IN THE SUPREME COURT OF INDIA
CRIMINAL ORIGINAL JURISDICTION
[Dipak Misra] and [C. Nagappan] JJ.
September 07, 2016
WRIT PETITION (CRL.) NO.68 OF 2016
Youth Bar Association of India Petitioner(s)
Union of India and Others Respondent(s)
For Petitioner(s) Ms. Manju Jetley, Adv. For Respondent(s) Krishnayan Sen,Adv. Mr. Dharmendra Kumar Sinha,Adv. Mr. G. Prakash,Adv. Mr. Parijat Sinha,Adv. Mr. Ranjan Mukherjee,Adv. Mr. Rohit K. Singh,Adv. Mrs. Anil Katiyar,Adv. Mr. Saurabh Trivedi,Adv. Mr. V. N. Raghupathy,Adv. Ms. Hemantika Wahi, Adv.
O R D E R
2. In this writ petition, preferred under Article 32 of the Constitution of India, the petitioner, Youth Bar Association of India, has prayed for issue of a writ in the nature of mandamus, directing the Union of India and the States to upload each and every First Information Report registered in all the police stations within the territory of India in the official website of the police of all States, as early as possible, preferably within 24 hours from the time of registration.
3. After the writ petition was entertained by this Court, notices were issued to the Union of India and the States.

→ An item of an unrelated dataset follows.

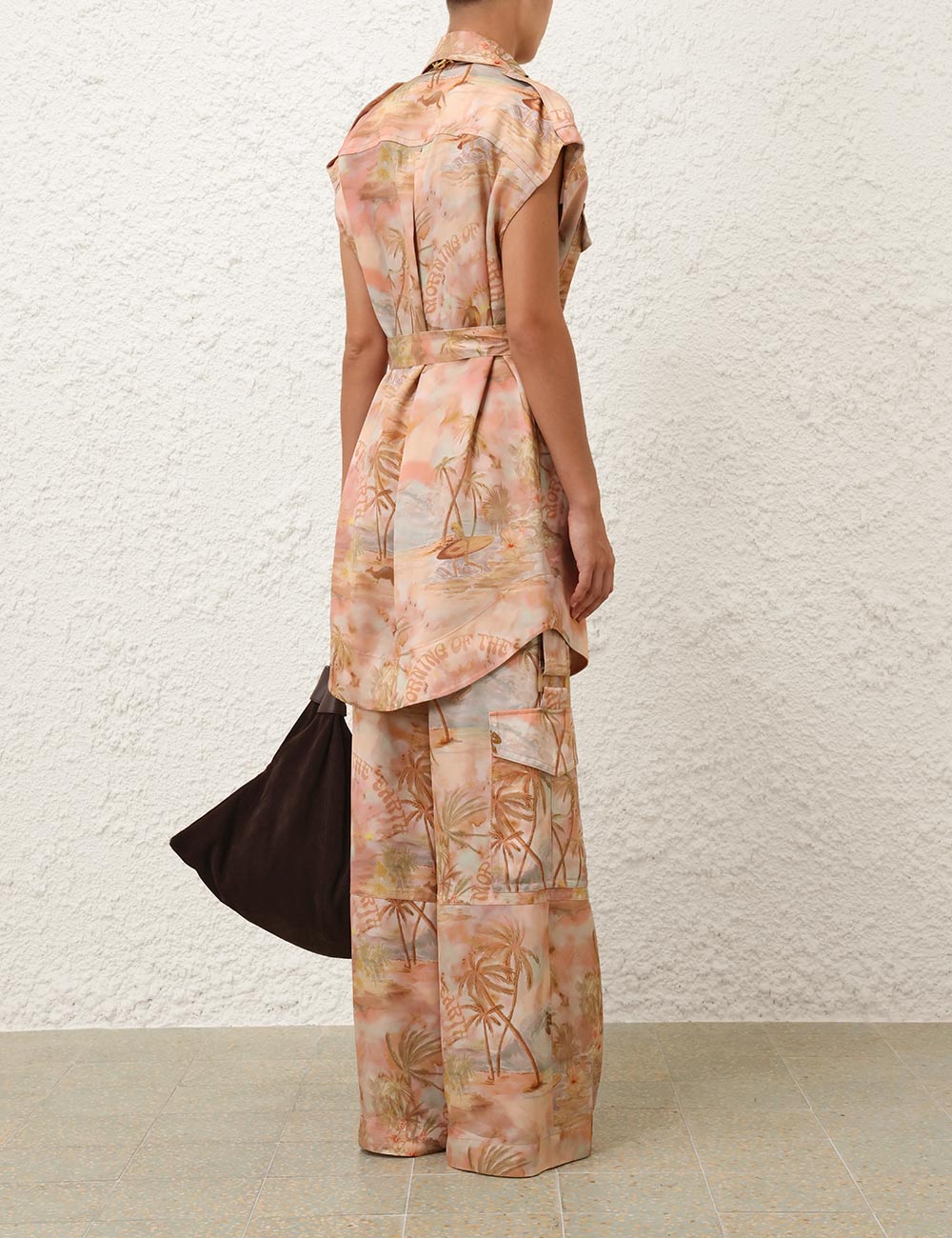Peach Printed Top and Trouser Set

4. It is submitted by Mr. Sanpreet Singh Ajmani, learned counsel appearing for the petitioner that after registration of the First Information Report if it is uploaded in the official website of police, that will solve many unnecessary problems faced by the accused persons and their family members. Learned counsel would contend that when the criminal law is set in motion and liberty of an individual is at stake, he should have the information so that he can take necessary steps to protect his liberty. In this context, he has drawn our attention to a passage from the judgment rendered in
# State of West Bengal and others vs. Committee for Protection of Democratic Rights, West Bengal and others (2010) 3 SCC 571
wherein it has been observed:-
“Article 21 of the Constitution in its broad perspective seeks to protect the persons of their lives and personal liberties except according to the procedure established by law. The said Article in its broad application not only takes within its fold enforcement of the rights of an accused but also the rights of the victim. The State has a duty to enforce the human rights of a citizen providing for fair and impartial investigation against any person accused of commission of a cognizable offence, which may include its own officers. In certain situations even a witness to the crime may seek for and shall be granted protection by the State.”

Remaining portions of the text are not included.